Despite recent advances in bringing agent-based models (ABMs) to the data, the estimation or calibration of model parameters remains a challenge, especially when it comes to large-scale agent-based macroeconomic models. Most methods, such as the method of simulated moments (MSM), require in-the-loop simulation of new data, which may not be feasible for such computationally heavy simulation models.
The purpose of this paper is to provide a proof-of-concept of a generic empirical validation methodology for such large-scale simulation models. We introduce an alternative `large-scale' empirical validation approach, and apply it to the Eurace@Unibi macroeconomic simulation model (\citealp{Dawid_2016}). This model was selected because it displays strong emergent behaviour and is able to generate a wide variety of nonlinear economic dynamics, including endogenous business- and financial cycles. In addition, it is a computationally heavy simulation model, so it fits our targeted use-case.
The validation protocol consists of three stages. At the first stage we use Nearly-Orthogonal Latin Hypercube sampling (NOLH) in order to generate a set of 513 parameter combinations with good space-filling properties. At the second stage we use the recently developed Markov Information Criterion (MIC) to score the simulated data against empirical data. Finally, at the third stage we use stochastic kriging to construct a surrogate model of the MIC response surface, resulting in an interpolation of the response surface as a function of the parameters. The parameter combinations providing the best fit to the data are then identified as the local minima of the interpolated MIC response surface.
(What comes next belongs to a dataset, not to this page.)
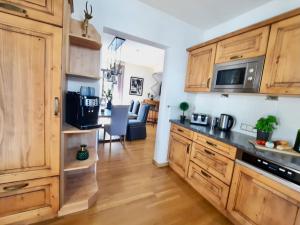 Kuchnia lub aneks kuchenny w obiekcie STADTVILLA BELLE KITZ im Zentrum mit Sauna by Belle Stay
The Model Confidence Set (MCS) procedure of \citet{Hansen_et_al_2011} is used to restrict the set of model calibrations to those models that cannot be rejected to have equal predictive ability, at a given confidence level. Validation of the surrogate model is carried out by re-running the second stage of the analysis on the so identified optima and cross-checking that the realised MIC scores equal the MIC scores predicted by the surrogate model.
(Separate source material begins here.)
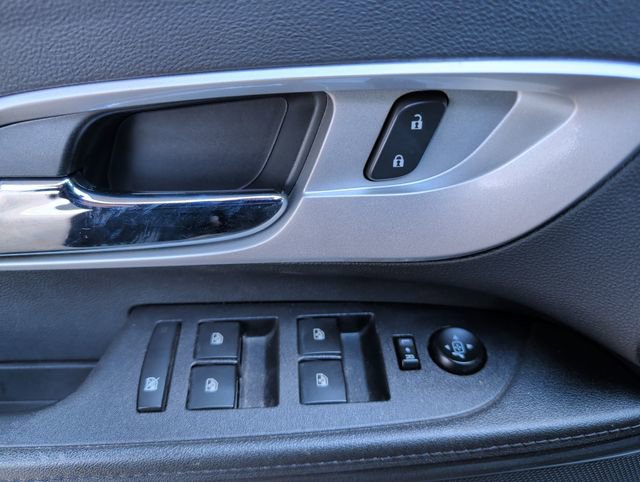 Used 2017 Chevrolet Equinox LT w/ Convenience Package FWD image 12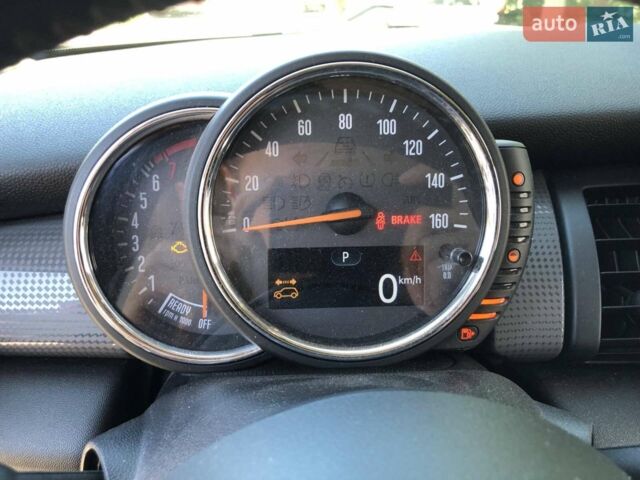 Сірий Міні Cooper, об'ємом двигуна 1.5 л та пробігом 81 тис. км за 12500 $, фото 8 на Automoto.ua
The results we obtain so far look promising as a first proof-of-concept for the empirical validation methodology since we are able to validate the model using empirical data series for 30 OECD countries and the euro rea. The internal validation procedure of the surrogate model also suggests that the combination of NOLH sampling, MIC measurement and stochastic kriging yields reliable predictions of the MIC scores for samples not included in the original NOLH sample set. In our opinion, this is a strong indication that the method we propose could provide a viable statistical machine learning technique for the empirical validation of (large-scale) ABMs.